O imaginário sobre a juventude no Brasil foi visivelmente sofrendo transições. Até o século XVIII, a juventude não era percebida enquanto categoria, misturando-se naturalmente aos adultos. No século XIX, com o processo de industrialização e urbanização, era concebida como eminente problema social, por conta da ociosidade ocasionada pela falta de escolarização universalizada e postos de trabalho. Em meados do século XX, por volta das décadas de 1950 a 1970, com a explosão econômica pós-guerra, ao jovem era atribuída a esperança de renovação e transformação social através do seu caráter rebelde e contestador. De 1970 a 1980, as esperanças de grandes transformações sociais não se concretizam e, entre os jovens, parecia reinar o caráter apático, caracterizando-os de juventude alienada. No fim do século XIX, nas décadas de 1980 e 1990, os jovens são vistos como organizadores de movimentos culturais que valorizam o consumo de produtos industrializados, através da música, com seus ritmos, e da dança, como forma de lazer e expressão, clamando pelo direito à diferença e adentrando na cultura de massa. E finalmente, pós anos 90, os jovens configuram-se foco do consumo globalizado, expressando “caricaturas de seus apelos simbólicos”, difundindo “estilos” visuais e comportamentais, propagando a dimensão da individualidade formando grupos (turmas), impactando e gerando contrastes, definindo identidades específicas e, ao mesmo tempo, buscando chamar atenção, marcando presença no cenário social (DIÓGENES, 2008).

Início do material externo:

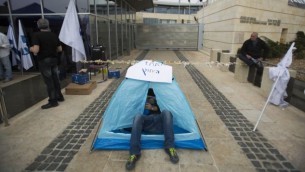 Un salarié du ministère des Affaires étrangères étendu dans une tente alors qu'il fait grève devant des bureaux du ministère, le 24 mars 2014 (Crédit : Yonatan Sindel/Flash90) 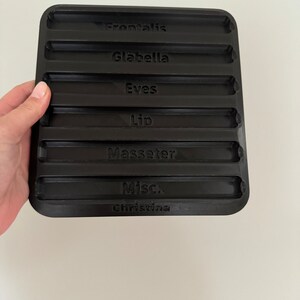 May include: Black plastic tray with eight indented slots labeled "Frontalis", "Glabella", "Eves", "Lip", "Masseter", "Misc.", and "Christina".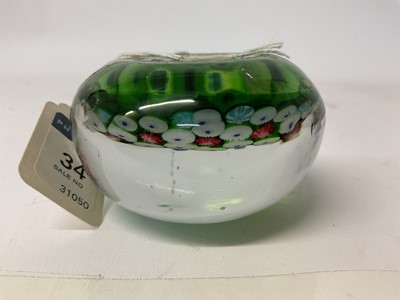 Lot 222 - 19th century French millefiori glass paperweight, with various coloured canes on a green ground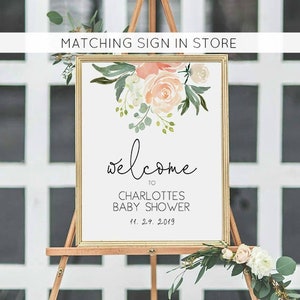 May include: A welcome sign for a baby shower with a floral design in shades of pink and green. The sign reads "Welcome to Charlotte's Baby Shower 11.24.2019".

Optou-se, pois, por trabalhar com a ideia de “juventudes” por considerá-la mais adequada aos objetivos dessa discussão, na medida em que se refere ao modo como uma sociedade constitui e atribui significado a esse período dinâmico e imensurável da vida, “no contexto de uma dimensão histórico-geracional, mas também à sua situação, ou seja, o modo como tal condição é vivida a partir dos diversos recortes referidos às diferenças sociais – classe, gênero, etnia etc”. Leva-se em consideração “tanto a dimensão simbólica quanto os aspectos fáticos, materiais, históricos e políticos, nos quais a produção social da juventude se desenvolve” (DAYREL, 2007).

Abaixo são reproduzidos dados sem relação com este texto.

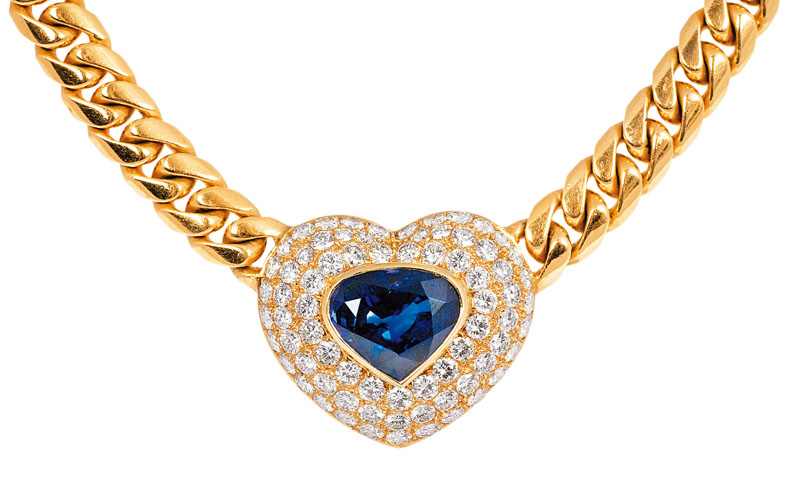 A gold necklace with heartshaped sapphire diamond pendant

A maior unanimidade averiguada após estudo acerca da juventude pós-moderna foi observada no tocante a necessidade do jovem de buscar identificação e aceitação entre seus pares. Assim, mesmo inseridos no contexto da cultura de consumo de massa, ressignificam objetos, acessórios, vestimentas, ritmos musicais e atividades de lazer na formação de subgrupos menores com características peculiares em relação ao padrão visual de apresentação, gesticulação, ações e até no linguajar utilizado para comunicação interna. O jovem em conflito com a lei não está aquém das transições sociais e, assim como os demais, são influenciados e influenciam condutas, atitudes e valores que compõem a dinâmica social.